My response is similar to John Roth's. It's mainly just sympathy. ;)

I deal with addresses a lot, and I know that a really good parser is
both rare/expensive to find and difficult to write yourself. We have
commercial, USPS-certified products where I work, and even with those
I've written a good deal of pre-processing and post-processing code,
consisting almost entirely of very silly-looking fixes for special
cases.

I don't have any experience whatsoever with pyparsing, but I will say
I agree that you should try to get the street type from the end of the
line. Just be aware that it can be valid to leave off the street type
completely. And of course it's a plus if you can handle suites that
are on the same line as the street (which is where the USPS prefers
them to be).

I would take the approach which John R. seems to be suggesting, which
is to tokenize and then write a whole bunch of very hairy, special-
case-laden logic. ;) I'm almost positive this is what all the
commercial packages are doing, and I have a tough time imagining what
else you could do. Addresses inherently have a high degree of
irregularity.

Good luck!

John Y.
 
I

Iain King

My response is similar to John Roth's.  It's mainly just sympathy. ;)

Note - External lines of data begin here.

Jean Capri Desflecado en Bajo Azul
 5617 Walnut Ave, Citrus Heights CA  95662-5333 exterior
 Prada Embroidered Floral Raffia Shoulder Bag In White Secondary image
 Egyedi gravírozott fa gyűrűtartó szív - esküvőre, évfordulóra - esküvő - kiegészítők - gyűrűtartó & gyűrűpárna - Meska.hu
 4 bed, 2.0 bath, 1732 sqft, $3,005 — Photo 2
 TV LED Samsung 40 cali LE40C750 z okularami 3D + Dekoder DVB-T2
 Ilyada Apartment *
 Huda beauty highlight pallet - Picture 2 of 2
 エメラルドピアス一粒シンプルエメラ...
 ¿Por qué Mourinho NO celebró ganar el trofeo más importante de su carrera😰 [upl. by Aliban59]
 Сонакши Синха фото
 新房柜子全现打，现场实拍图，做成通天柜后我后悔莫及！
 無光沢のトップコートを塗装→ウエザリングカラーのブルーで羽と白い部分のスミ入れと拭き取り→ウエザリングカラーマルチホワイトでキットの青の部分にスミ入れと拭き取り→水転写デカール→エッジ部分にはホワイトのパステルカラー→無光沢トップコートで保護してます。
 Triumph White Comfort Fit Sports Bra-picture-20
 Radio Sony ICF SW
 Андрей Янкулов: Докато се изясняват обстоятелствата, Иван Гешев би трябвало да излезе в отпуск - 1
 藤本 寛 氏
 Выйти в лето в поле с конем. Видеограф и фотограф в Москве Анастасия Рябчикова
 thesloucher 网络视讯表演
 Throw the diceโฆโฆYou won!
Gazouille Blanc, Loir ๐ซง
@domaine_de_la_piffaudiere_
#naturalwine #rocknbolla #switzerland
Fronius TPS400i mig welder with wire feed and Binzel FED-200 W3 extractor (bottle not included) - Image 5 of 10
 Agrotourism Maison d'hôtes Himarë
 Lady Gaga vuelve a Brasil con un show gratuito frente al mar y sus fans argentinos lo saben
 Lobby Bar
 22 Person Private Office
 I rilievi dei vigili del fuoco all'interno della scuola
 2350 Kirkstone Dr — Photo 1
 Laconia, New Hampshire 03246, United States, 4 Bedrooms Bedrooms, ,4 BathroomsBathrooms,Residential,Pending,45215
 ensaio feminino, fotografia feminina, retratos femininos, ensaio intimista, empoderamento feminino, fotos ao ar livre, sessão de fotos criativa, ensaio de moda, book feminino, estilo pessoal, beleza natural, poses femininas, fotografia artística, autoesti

I deal with addresses a lot, and I know that a really good parser is
both rare/expensive to find and difficult to write yourself.  We have
commercial, USPS-certified products where I work, and even with those
I've written a good deal of pre-processing and post-processing code,
consisting almost entirely of very silly-looking fixes for special
cases.

I don't have any experience whatsoever with pyparsing, but I will say
I agree that you should try to get the street type from the end of the
line.  Just be aware that it can be valid to leave off the street type
completely.  And of course it's a plus if you can handle suites that
are on the same line as the street (which is where the USPS prefers
them to be).

I would take the approach which John R. seems to be suggesting, which
is to tokenize and then write a whole bunch of very hairy, special-
case-laden logic. ;)  I'm almost positive this is what all the
commercial packages are doing, and I have a tough time imagining what
else you could do.  Addresses inherently have a high degree of
irregularity.

Good luck!

John Y.

Not sure on the volume of addresses you're working with, but as an
alternative you could try grabbing the zip code, looking up all
addresses in that zip code, and then finding whatever one of those
address strings most closely resembles your address string (smallest
Levenshtein distance?).

Iain
 
G

Grant Edwards

This is a very tricky problem. Consider Salem, Oregon, which puts the
direction after the street:

3340 Astoria Way NE
Salem, OR 97303

In Minneapolis, the direction comes before the street in some
quadrants and after it in others. I used to live on W 43rd Street.
Now I live on 24th Ave NE. And just to be more inconsistent, only the
"NE" section uses two directions, everywhere else it's just W, S, N,
or E.
 
J

John Nagle

Iain said:
Not sure on the volume of addresses you're working with, but as an
alternative you could try grabbing the zip code, looking up all
addresses in that zip code, and then finding whatever one of those
address strings most closely resembles your address string (smallest
Levenshtein distance?).

The parser doesn't have to be perfect, but it should
reliably reports when it fails. Then I can run the hard cases through
one of the commercial online address standardizers. I'd like to
be able to knock off the easy cases cheaply.

What I want to do is to first extract the street number and
undecorated street name only, match that to a large database of US businesses
stored in MySQL, and then find the best match from the database
hits. So I need reliable extraction of undecorated street name and number. The
other fields are less important.

John Nagle
 
A

Albert van der Horst

The parser doesn't have to be perfect, but it should
reliably reports when it fails. Then I can run the hard cases through
one of the commercial online address standardizers. I'd like to
be able to knock off the easy cases cheaply.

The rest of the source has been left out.